Open Source Software
Open Source Software (OSS) consists of any computer software with a freely available source code in which anyone who wishes to use, edit, or distribute the code is free to do so. In order to promote OSS usage, the Open Source Initiative (OSI) was created as a non-profit corporation, formed to educate about the benefits of open source, and to build connections among different open source communities. Some of the better known OSS promotors and users are Wikipedia, Linux, Firefox, and Android (Android OS).
These OSS advocates believe that software should be published with an open-source license so that anybody would be able to develop or edit different software and understand its key internal functions in order to make the program customizable for the user. There are several key reasons why users are urged to switch to open-source software; the main reason being, the heightened value proposition (the promise of value to be delivered to the customer) in security, affordability, transparency, operability, and flexibility.
- Few licensing fees
- Easy to manage
- Continuous, real-time improvements
- Company independence
- hands-on exploration
- Not entirely free
- Learning curve (hiring an IT expert might be necessary for business purposes)
- Confused users
- Orphan softwares
- On your own (no one is obligated to help answer OSS questions)

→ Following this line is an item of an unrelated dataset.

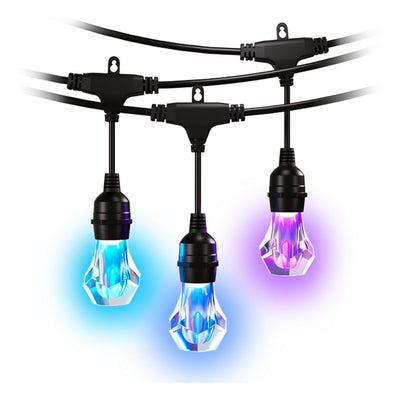 Nanoleaf Smart Multicolour Outdoor String Lights Smarter Kit (Matter compatible) - 15 m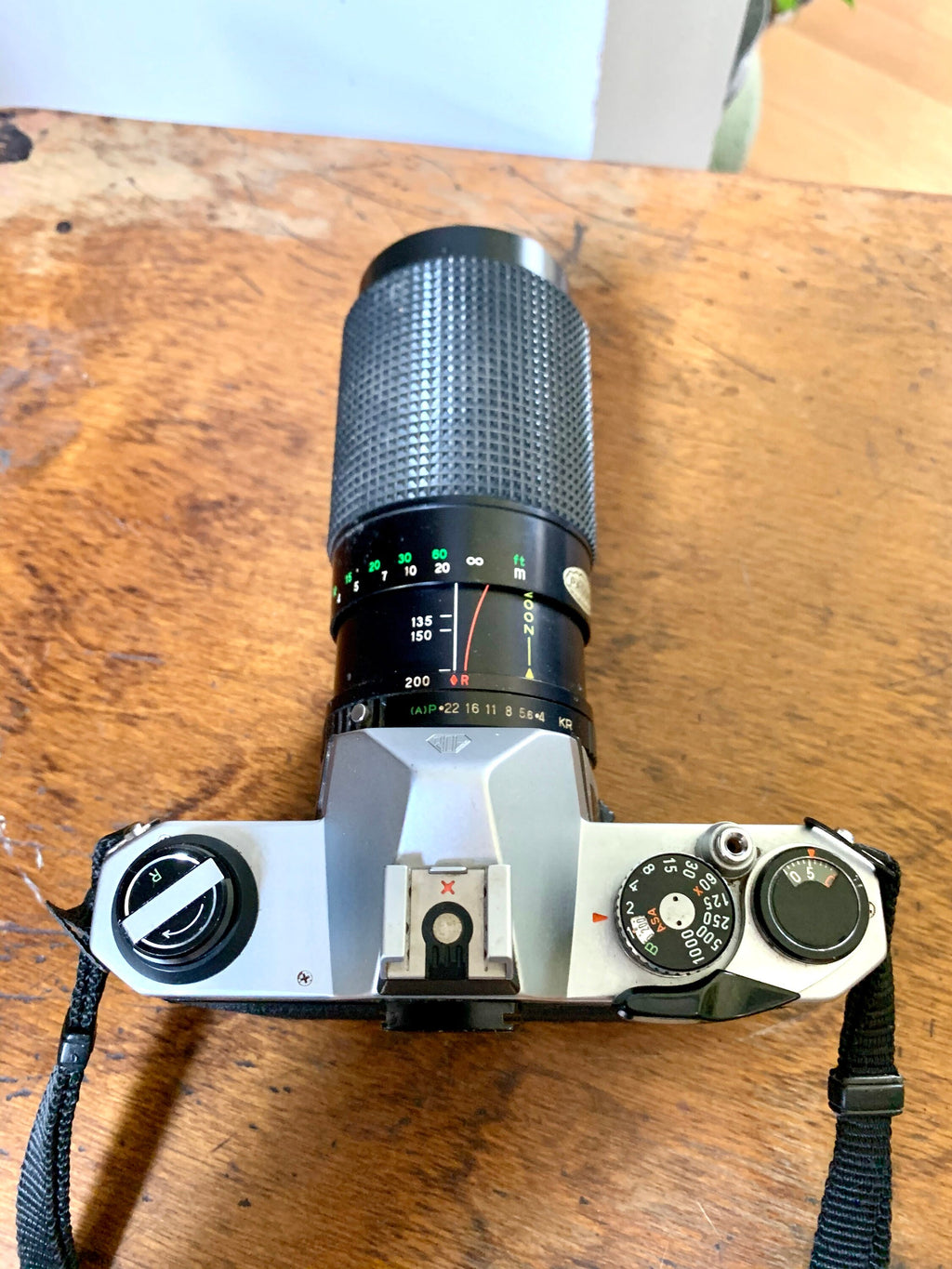 Vtg Pentax K1000 35MM Camera | Asahi Pentax K1000 Camera | Used K1000 35MM Camera 80-200mm Macro Lens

It is evident that we live in an increasingly open society that implores users to be actively open about software, information, and other data/media they produce or edit. It can be argued that open-source software and P2P connectivity benefits and helps society in the same way Wikipedia and Google helped me write this blog. It is often very difficult to do things on our own, and most of the time we can’t. Whether it be in sports, music, film, education, science, politics or economics, people are always sharing their experiences and knowledge with others, and this is how (1) we become better as individual people, but also (2) become better at getting things done. Through collective knowledge and collaboration we can do anything, and this is why sharing data and information is very important, despite what the “big” companies say or want.